Saturday, April 30, 2011

May Newsletter

I have long believed that one of the great gifts the church has to offer is that it is one of the few places in our lives today that or can be truly inter-generational. At church gatherings small children can find surrogate uncles, aunts and grand-parents. At the same time adults can find surrogate nieces, nephews and grandchildren. Church life can provide chances for young to learn from old and old to learn from young. That is these things can happen if we let them, if we help them.

So how do we create an environment that enables a truly inter-generational church? What does it mean to have a place that is truly friendly to seniors, middle-agers, young adults, teens, children, and pre-schoolers? Can we make all feel welcome and at home?

In some ways this is simple. In some ways it it incredibly difficult. For now though, let's pretend only the first sentence is true.

To create that environment all we have to do is set aside time and space in our gatherings where the needs of all to be named and met. Where it gets complicated is that we also need to find that time and space inside the same physical and temporal boundaries. That is to say that even when we are all in the same building (or even the same room) during the same hour we find the time and space for our varying needs. We have to find ways to accommodate people whose hearing is fading and find background noise highly distracting and also young children who need to move around and explore their environment (which tends to make noise). We have to find ways to let different musical and liturgical tastes be expressed in our worship. We have to find ways to allow those who need to run/dance/bounce around the building (sometimes without paying really close attention to who else is around or who is moving where) do so safely with those who have mobility or balance or vision limitations. We have to find ways to allow people to express their needs openly and hear the needs being expressed by others. We have to find the balance point if and when those needs conflict. Really, that is all we need to do.

Well not quite all. We also have to pause and ask if our use of resources (including money and personnel and energy) states openly that we are trying to be welcoming to all ages. And in that line I have 2 opportunities. One is that hopefully one Sunday in May a willing volunteer (yet to be named) will take over service leadership after the sermon so that I may go downstairs and spend time with the Sunday School and/or Youth Group. This is an idea I shared last year during my interview. I was called to minister with all of the people of St. Paul's and part of doing that is spending time with different groups. The other is a really BIG opportunity for service.
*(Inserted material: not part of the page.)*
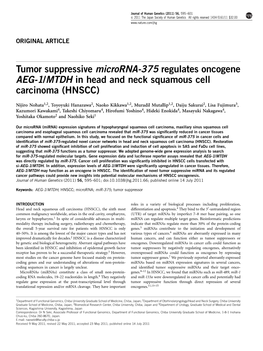 Tumor Suppressive Microrna-375 Regulates Oncogene AEG-1&Sol;MTDH in Head and Neck Squamous Cell Carcinoma (HNSCC)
Last fall the Conference Youth and Young Adult Ministry Committee asked if St. Paul's would consider playing host to the Junior High Rally in March 2012. The Council discussed it and said that yes we would. This means that a couple hundred young people and their leaders will take over this building for a weekend next March. Other churches have said that hosting these event is a transformational experience. However it is a lot of work as well. WE need people to work on food, people to organize First Aid coverage, people to help with keeping the washrooms clean and stocked, someone to arrange workshops (and people to lead them), people to help with transportation, hosts/hostesses, supervisors/chaperones for overnight (so the leadership team can sleep) and others. We will be looking for help from all of you. This is a great way to fill the building with energy, to support the work of the larger church, and to remind some of those people from Southern Alberta that there is great life up here north of the Yellowhead highway.

As a congregation committed to nurturing the faith of all generations we continue to move forward, laying the foundations for those who will one day celebrate the 125th anniversary of St. Paul's!